The need to build dykes was a significant factor in causing the early settlers to petition the Lieutenant Governor-in-Council to grant status as a municipality to Richmond in 1879. Local government was a necessity if dykes, roads, bridges and other services were to be developed and maintained. This early start means that Richmond is seven years older than our neighbouring city, Vancouver.
The abundance of the fishery attracted many more people to our shores. From the early 1880's Richmond's fishing fleets brought their catches home to be processed in one of the numerous canneries that sprang up all along the river. This industry did more than bring fish to market. Related industries such as boat-building also thrived.
The vitality of the fishing industry attracted Japanese fishermen to Richmond, adding not just to the industry but to the richness of our community as a whole. The growing cannery and boat building industries brought more migrant workers to the area. Among these were first nations people and the Chinese contract workers who originally came to British Columbia to build the railway. Steveston, in particular, became the centre of the fishing industry, gaining international fame for the quality and bounty of its canned salmon. Despite the pressures of changing times, Steveston has survived as a unique, diverse community that maintains strong ties with the sea.

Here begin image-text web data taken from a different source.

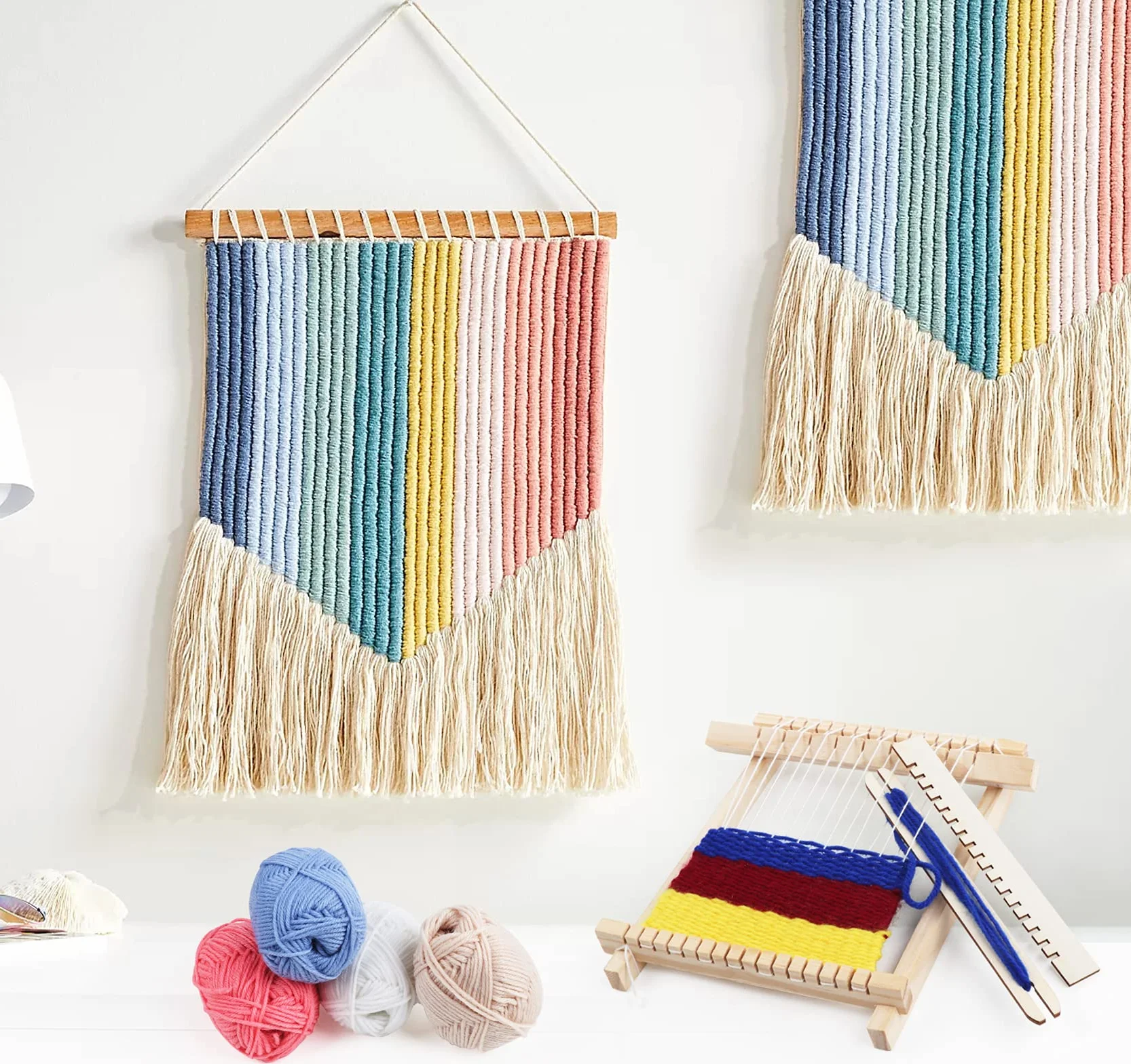 Zestaw do tkania dla dzieci - DIY drewniany ram tkacki 22 x 17 cm z kolorową wełną i akcesoriami - Idealny dla początkujących
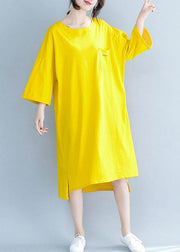 Modern yellow Cotton clothes For Women o neck half sleeve tunic Dress - SooLinen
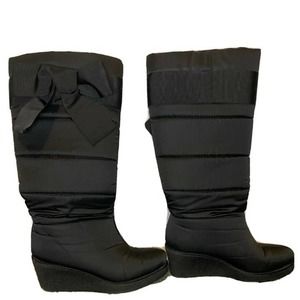 Kate Spade New York Cagney Black Bow Nylon Knee High Wedge Snow Rain Boot SZ 9.5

Richmond continues to attract in-migration from many other countries and from other parts of Canada, recent migration has been most notably from China and Hong Kong. Our cultural diversity has enriched our City and made Richmond an exciting place to live.
Richmond is often seen as a new community because it has seen such dramatic growth over the last few decades, but you do not have to look far to see the factors that have shaped our history. The land, the river and the sea made Richmond unique over a century ago, and that is still true today.
Richmond was, and is, the centre of aviation in British Columbia. The first flight in B.C. was made on March 25, 1910, from Minoru Racetrack. The first airport for Vancouver was on Richmond' s Lulu Island. Not much more than a grass field and some small service buildings near what is now Alexandra Road and Garden City Way, the airport remained there until the move to Richmond's Sea Island in 1931.
In recent history the airport has been a major factor in Richmond's ongoing development. Proximity to the airport has helped attract a large number of manufacturing and high technology industries to Richmond. Vancouver International Airport has become an important gateway between Canada and other Pacific Rim countries.
Who or What was Richmond Named For?
There are four theories as to how the City of Richmond, in British Columbia, got its name.
One is that it was named after a county in Ontario from which many first settlers came.
Another is that it was named after "Richmond View", a ranch in Australia where one of the first settlers had lived.
A third is that it was named after an area in Australia near the aforementioned ranch. The last is that it was named after a town or county in England.
Unfortunately members of the first municipal government (formed in 1879) did not leave any written confirmation of how the new town got its name. Subsequent research and information donated from the first settlers here, have revealed connections with counties and towns named "Richmond" in Australia, Ontario and England.